Given the immense human potential for creativity and ingenuity, population growth is by far a net good.
In 1798, Thomas Malthus wrote “An Essay on the Principle of Population.” He predicted that mankind’s birthrate would outstrip our ability to grow food and would lead to mass starvation.
Malthus’ wrong predictions did not deter Stanford University professor Paul Ehrlich from making a similar prediction.
In his 1968 best-seller, “The Population Bomb,” which has sold more than 2 million copies, Ehrlich warned: “The battle to feed all of humanity is over. In the 1970s and 1980s hundreds of millions of people will starve to death in spite of any crash programs embarked upon now.”
This hoax resulted in billions of dollars being spent to fight overpopulation.
According to the standard understanding of the term, human overpopulation occurs when the ecological footprint of a human population in a specific geographical location exceeds the carrying capacity of the place occupied by that group.
Let’s look at one aspect of that description—namely, population density.
Let’s put you, the reader, to a test. See whether you can tell which country is richer and which is poorer just by knowing two countries’ population density.
North Korea’s population density is 518 people per square mile, whereas South Korea’s is more than double that, at 1,261 people per square mile.
Hong Kong’s population density is 16,444, whereas Somalia’s is 36.
Congo has 75 people per square mile, whereas Singapore has 18,513.
Looking at the gross domestic products of these countries, one would have to be a lunatic to believe that smaller population density leads to greater riches.
Here are some gross domestic product data expressed in millions of U.S. dollars: North Korea ($17,396), South Korea ($1,411,246), Hong Kong ($320,668), Somalia ($5,707), Congo ($41,615), and Singapore ($296,967).
The overpopulation hoax has led to horrible population control programs. The United Nations Population Fund has helped governments deny women the right to choose the number and spacing of their children.
Overpopulation concerns led China to enact a brutal one-child policy. Forced sterilization is a method of population control in some countries. Nearly a quarter-million Peruvian women were sterilized.
Our government, through the U.N. Population Fund, is involved in “population moderation” programs around the world, including in India, Bangladesh, Pakistan, Nigeria, Mexico, Indonesia, Brazil, the Philippines, Thailand, Egypt, Turkey, Ethiopia, and Colombia.

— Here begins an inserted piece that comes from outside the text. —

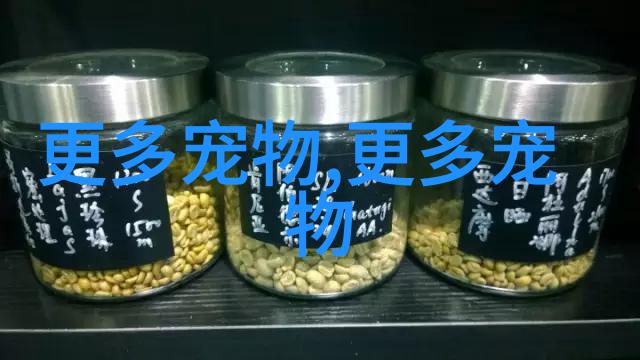 雪白色波士顿牛dog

The entire premise behind population control is based on the faulty logic that humans are not valuable resources.
The fact of business is that humans are what the late Julian L. Simon called the ultimate resource.
That fact becomes apparent by pondering this question: Why is it that Gen. George Washington did not have cellphones to communicate with his troops and rocket launchers to sink British ships anchored in New York Harbor?
Surely, all of the physical resources—such as aluminum alloys, copper, iron ore, and chemical propellants—necessary to build cellphones and rocket launchers were around during Washington’s time. In fact, they were around at the time of the caveman.
There is only one answer for why cellphones, rocket launchers, and millions of other things are around today but were not around yesteryear.
The growth in human knowledge, human ingenuity, job specialization, and trade led to industrialization, which, coupled with personal liberty and private property rights, made it possible.
Human beings are valuable resources, and the more we have of them the better.
The greatest threat to mankind’s prosperity is government, not population growth. For example, Zimbabwe was agriculturally rich but, with government interference, was reduced to the brink of mass starvation.
Any country faced with massive government interference can be brought to starvation. Blaming poverty on overpopulation not only lets governments off the hook but also encourages the enactment of harmful, inhumane policies.
Today’s poverty has little to do with overpopulation. The most commonly held characteristics of non-poor countries are greater personal liberty, private property rights, the rule of law, and an economic system closer to capitalism than to communism.
That’s the recipe for prosperity.
Walter E. Williams is a professor of economics at George Mason University.